[Required work] Restate word for word the lines in the listing below, starting at the line containing "Test & Technik: Kahr" and ending at the line containing "Широкие спортивные брюки", both included; leave out the rest.

[Provided records]
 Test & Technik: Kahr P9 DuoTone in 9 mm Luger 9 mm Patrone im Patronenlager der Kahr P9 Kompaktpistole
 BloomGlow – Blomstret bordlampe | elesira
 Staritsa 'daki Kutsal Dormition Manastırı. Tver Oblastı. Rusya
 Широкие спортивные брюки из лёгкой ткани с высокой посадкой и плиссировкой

...

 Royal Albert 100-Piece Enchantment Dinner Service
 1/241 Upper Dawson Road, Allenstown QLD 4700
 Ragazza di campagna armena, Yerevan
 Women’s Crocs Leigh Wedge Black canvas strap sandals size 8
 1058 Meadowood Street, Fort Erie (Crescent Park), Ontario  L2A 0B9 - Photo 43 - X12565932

[Expected output]
 Test & Technik: Kahr P9 DuoTone in 9 mm Luger 9 mm Patrone im Patronenlager der Kahr P9 Kompaktpistole
 BloomGlow – Blomstret bordlampe | elesira
 Staritsa 'daki Kutsal Dormition Manastırı. Tver Oblastı. Rusya
 Широкие спортивные брюки из лёгкой ткани с высокой посадкой и плиссировкой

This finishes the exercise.